5 Access and Egress Best Practices Ensure Worker Safety

Getting to and from work platforms is important to both job site safety and work production. Donley’s recommends these work practices to ensure safe access and egress to and from wall form work platforms, regardless if the form is a gang form or a handset system.
  1. Once the wall form work platform is constructed, ladders or other approved methods such as ramps, stairways, or the building floor must be used to access it. If the elevation change is greater than 19″ when stepping from the floor to the work platform, install a step for safe access.
  2. Workers are not permitted to climb the form or rebar to gain access to a wall form work platform. It makes no difference that a worker is tied-off during the climbing process. The hazard with 100% tie-off while climbing the form to access a work platform involves the positions workers are in as they attempt to climb on and off the work platform. In addition, the vertical form itself does not have the same climbing characteristics as a ladder.
  3. Climbing the vertical face of the wall form is permitted only when work is performed on the form (i.e., when installing or removing taper-ties). There is normally no other way to accomplish these work tasks. However, in the case of accessing work platforms, other methods are available. Make sure walls are braced before climbing.
  4. When performing work off a work platform, fall protection is required if your feet are 6′ or more above a lower level. This is typically provided through the use of guardrails on the back side of the working platform and ensuring the platform is at least 39″ below the top of the form. If this is not feasible, there are a few options available:
    • Install a 2nd working platform, complete with guardrails, on the opposite side of the wall form.
    • Install a guardrail system at the standard 21″ (midrail) and 42″ (top rail) heights on the opposite side of the wall form.

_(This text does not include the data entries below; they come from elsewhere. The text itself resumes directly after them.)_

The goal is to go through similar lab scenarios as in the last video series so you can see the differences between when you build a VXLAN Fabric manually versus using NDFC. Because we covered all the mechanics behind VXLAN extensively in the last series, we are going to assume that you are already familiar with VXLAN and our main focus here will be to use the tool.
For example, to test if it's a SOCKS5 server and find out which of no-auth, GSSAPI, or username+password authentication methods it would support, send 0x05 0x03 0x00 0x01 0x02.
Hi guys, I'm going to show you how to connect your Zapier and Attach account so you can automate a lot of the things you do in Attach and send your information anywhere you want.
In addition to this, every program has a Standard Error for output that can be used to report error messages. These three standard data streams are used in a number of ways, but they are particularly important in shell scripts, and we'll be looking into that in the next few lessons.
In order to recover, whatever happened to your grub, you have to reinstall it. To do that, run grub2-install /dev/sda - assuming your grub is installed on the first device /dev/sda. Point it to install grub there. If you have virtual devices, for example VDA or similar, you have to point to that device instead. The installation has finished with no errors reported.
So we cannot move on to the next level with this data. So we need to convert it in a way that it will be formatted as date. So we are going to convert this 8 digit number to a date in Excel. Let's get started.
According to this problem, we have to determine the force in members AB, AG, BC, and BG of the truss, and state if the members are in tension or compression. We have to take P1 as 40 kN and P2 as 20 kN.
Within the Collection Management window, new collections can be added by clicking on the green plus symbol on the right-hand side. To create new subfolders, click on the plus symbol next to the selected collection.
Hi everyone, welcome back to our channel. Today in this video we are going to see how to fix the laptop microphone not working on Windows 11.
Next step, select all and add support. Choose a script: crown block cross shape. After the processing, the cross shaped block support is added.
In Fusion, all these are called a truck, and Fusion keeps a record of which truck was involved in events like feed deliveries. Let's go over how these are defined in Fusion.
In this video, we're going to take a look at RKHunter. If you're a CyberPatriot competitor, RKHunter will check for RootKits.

    • Practice 100% fall protection using retractable lanyards. (This is the last resort to be used only if nothing else is feasible.) Anchorage point for 6′ shock absorbing lanyards must be 18.5′ from the lower level and 14.5′ for retractable lanyards.
  5. Falling onto rebar is a serious hazard as well. When working over rebar, the rebar must be protected. Wood or metal reinforced plastic rebar caps must be used. Standard plastic rebar caps that are not reinforced are not approved protection.
Javier Pabon is a Regional Safety Manager for Donley’s Concrete Group.